HOW TO COMPLETE THIS TASK >> All of the listing is to be written out word for word, with the pictures left out.

INFORMATION PROVIDED >>
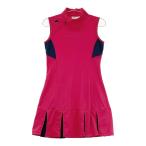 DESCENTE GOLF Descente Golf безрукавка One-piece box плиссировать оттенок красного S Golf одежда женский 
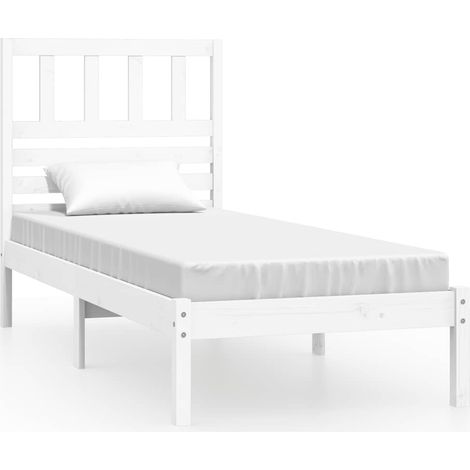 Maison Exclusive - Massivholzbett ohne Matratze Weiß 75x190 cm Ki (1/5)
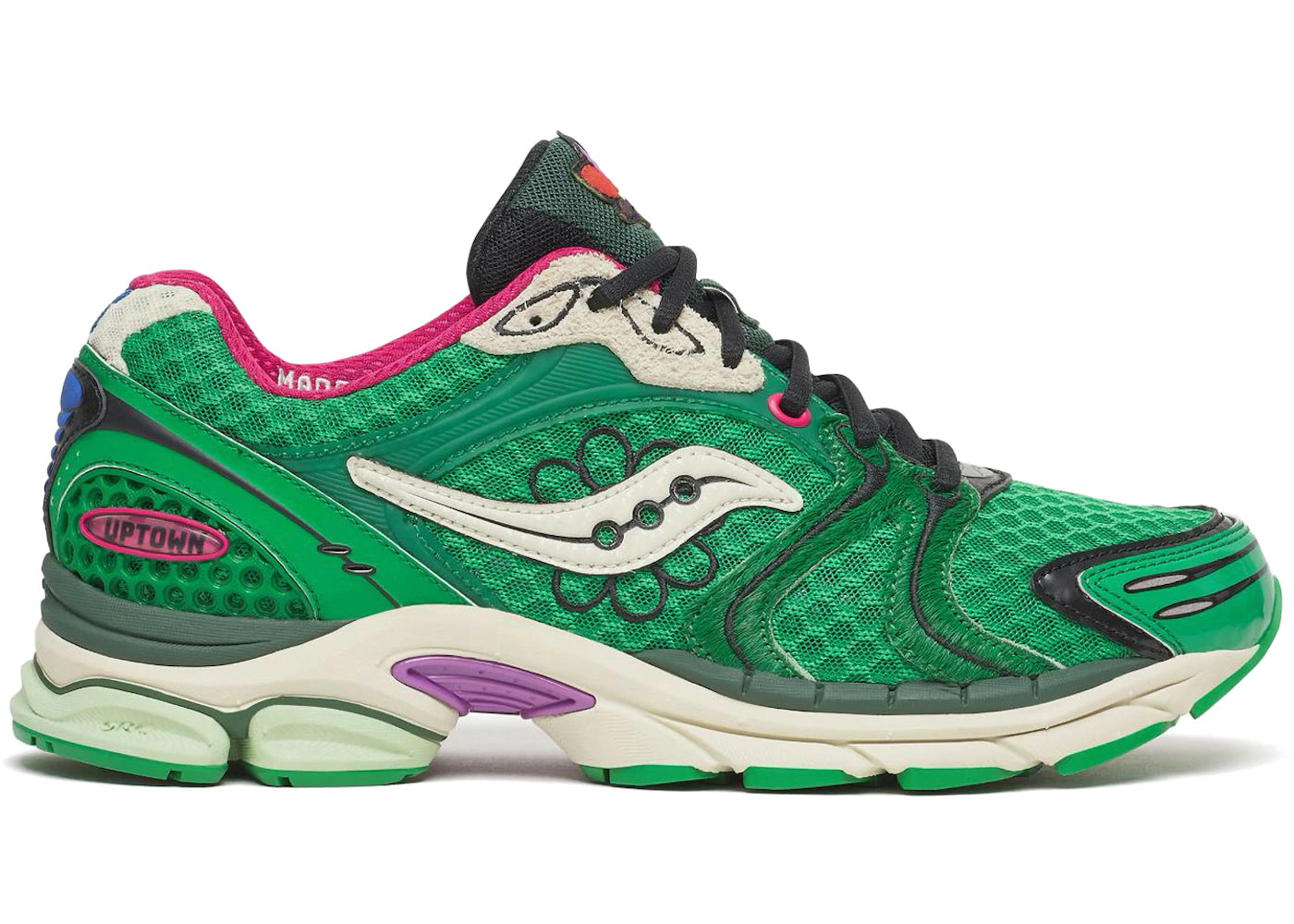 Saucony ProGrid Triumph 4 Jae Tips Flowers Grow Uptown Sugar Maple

YOUR SOLUTION >>
 DESCENTE GOLF Descente Golf безрукавка One-piece box плиссировать оттенок красного S Golf одежда женский 
 Maison Exclusive - Massivholzbett ohne Matratze Weiß 75x190 cm Ki (1/5)
 Saucony ProGrid Triumph 4 Jae Tips Flowers Grow Uptown Sugar Maple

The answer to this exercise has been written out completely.